Cotillion is a Regency romance novel by Georgette Heyer published in 1952. It is one of the most light-hearted of Heyer's romances, avoiding the mystery, intrigue, and sensational events present in many of her novels. The story is set in 1816.

Plot summary

Heroine Kitty Charing has been brought up in rural isolation by her rich, miserly, and eccentric guardian, Matthew Penicuik (pronounced PENNY-cook), whom she calls Uncle Matthew. Uncle Matthew makes the whimsical decision to name Kitty as his heiress, but only if she marries one of his extensive collection of great-nephews, the offspring of his assorted and much-loathed sisters' children.

Uncle Matthew expects that Kitty will marry Jack Westruther, his favourite great-nephew, and Kitty would be only too happy to comply: she has adored Jack for years.  But Jack, while he intends someday to wed Kitty (believing that Uncle Matthew's money must be willed either to her or to him), prefers to lead a rakish lifestyle as long as possible.  Confident that Kitty will not accept any of his cousins, Jack declines to attend the family party at which Uncle Matthew intends for his great-nephews to propose to Kitty.

Kitty, greatly upset by the absence of Jack and by the possibility of becoming destitute should she not accept one of the great-nephews, is further dismayed by the proposals she receives.  First, there is doltish Lord Dolphinton ("Dolph"), an impoverished Irish peer under his mother's thumb. Dolph is clearly proposing because his mother wants Uncle Matthew's money. Then there is Reverend Hugh Rattray, who assures Kitty that he is very fond of her, and that she will make a very suitable wife when her youthful levity has been tempered, for he pities the fact she is a destitute orphan, to her scorn.

When another great-nephew arrives, Kitty hails him with relief. Freddy Standen is rich, good-natured, unaware of Uncle Matthew's intentions, and has no intention of marrying.  Nevertheless, Kitty begs him to propose to her and invite her to London to reintroduce her to his parents, whom she has not seen for some time. She assures Freddy that once she has visited London for a month, she will break off the engagement and live quietly thereafter. When she threatens to cry, Freddy is too mortified to do anything but agree.  She does not tell Freddy that she really hopes to make Jack jealous and force him to propose to her.  Freddy suspects she has something up her sleeve but does not know what.

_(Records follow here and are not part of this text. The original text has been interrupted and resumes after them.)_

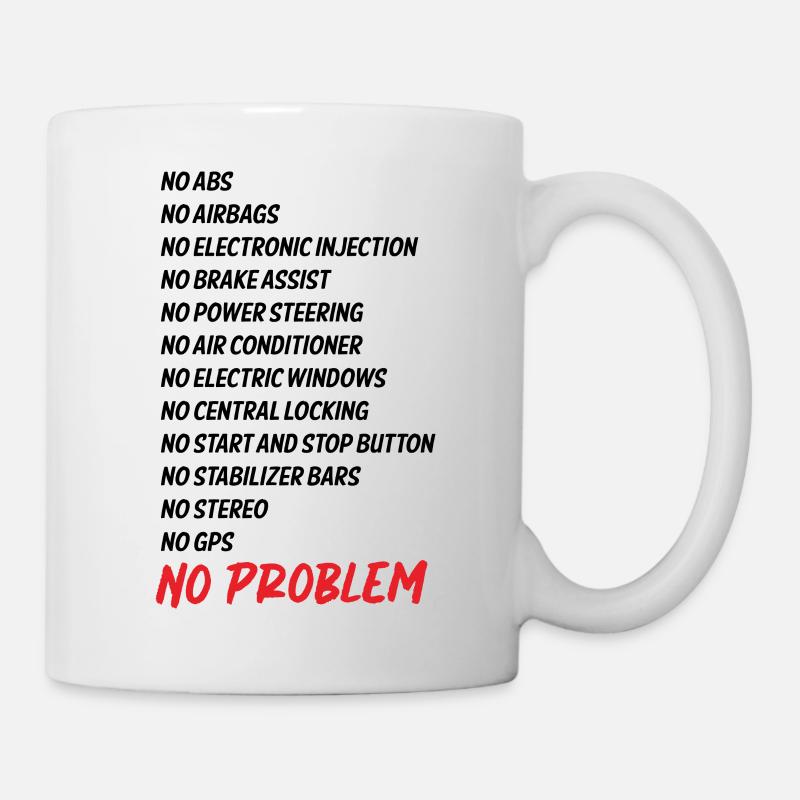 Oldtimer-Charakter - Tasse - Weiß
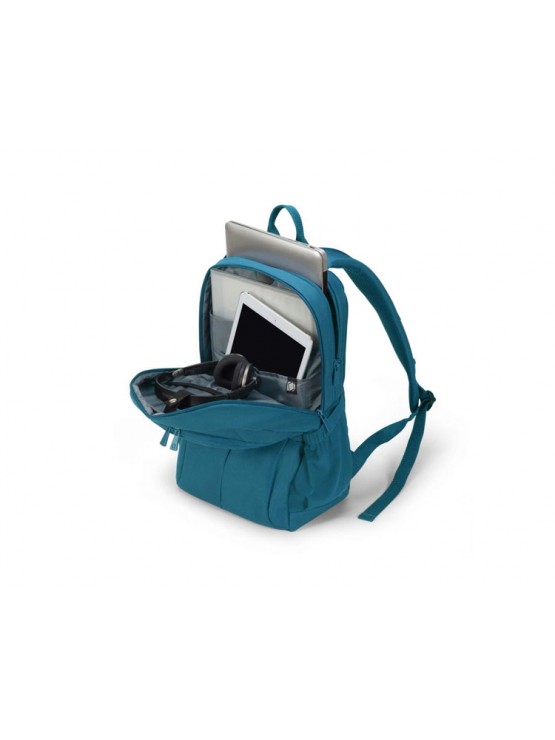 ნოუთბუქის ჩანთა: Dicota 15.6" Eco Backpack SCALE Blue - D31735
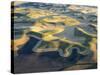Aerial Photography at Harvest Time in the Palouse Region of Eastern Washington-Julie Eggers-Stretched Canvas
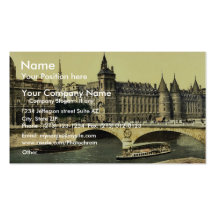 Palais de Justice and bridge to exchange, Paris, F Business Card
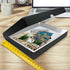 Golden State Art Archival Folio Storage Box 11x14, Clamshell Design with Metal Edge for Preserving Photos, Documents,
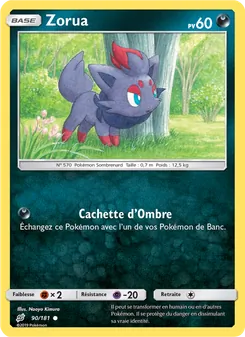 Zorua, Duo de Choc 90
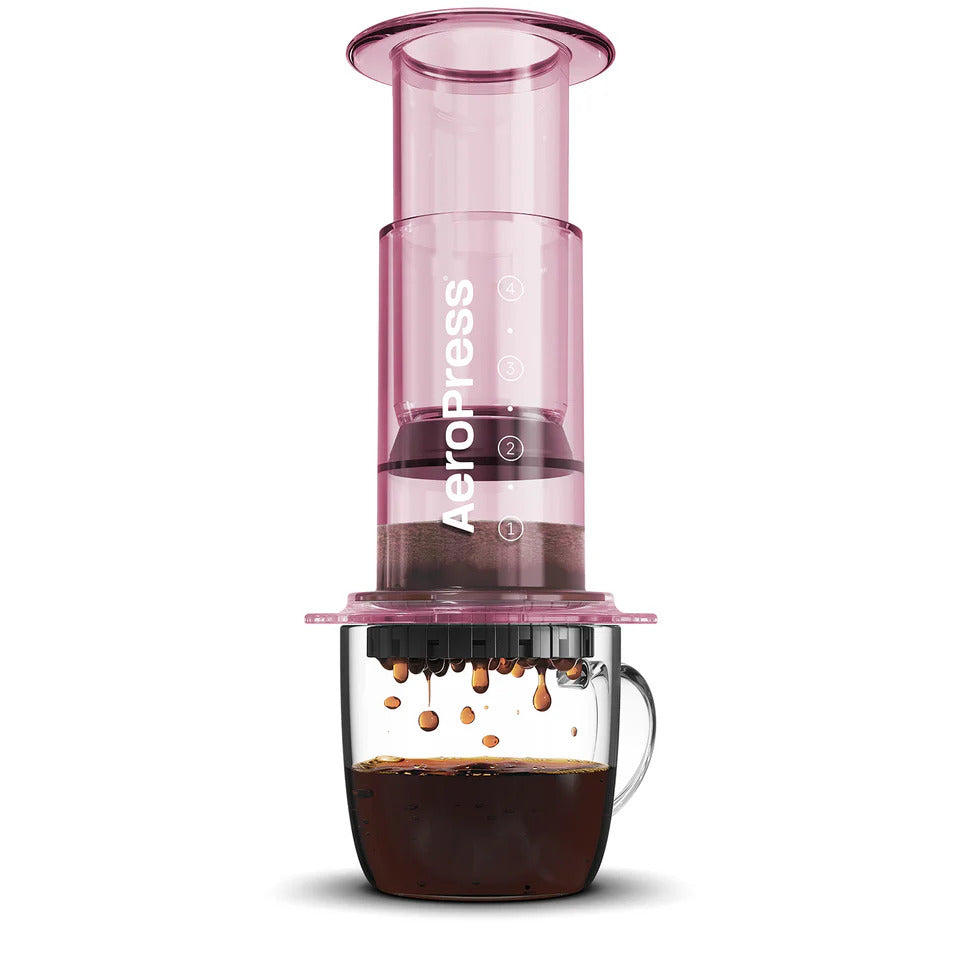 Aeropress® Coffee 1-4 cups Clear Pink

Uncle Matthew, unconvinced by the announced engagement, guesses exactly what Kitty is up to; since it falls in with his own wishes, he allows Kitty to go to London. At the same time, he assures her that he will not tolerate being left for more than a month with "that Fish"—Miss Fishguard, Kitty's governess, who will stand in as housekeeper during Kitty's absence.

The complications that ensue are reflected in the title: a cotillion was originally a dance for four couples.

Characters

Mr Matthew Penicuik - a miserly, selfish, gouty, and irascible older man with digestive difficulties who received a good inheritance from his father then made a large fortune draining the Fen country who lives exclusively and reclusively at his country estate, Arnside House. His siblings, four older sisters, have all predeceased him; he is about to make his will; Kitty and Fish suspect that he was in love with her mother as he keeps a miniature portrait of her shut up in his desk.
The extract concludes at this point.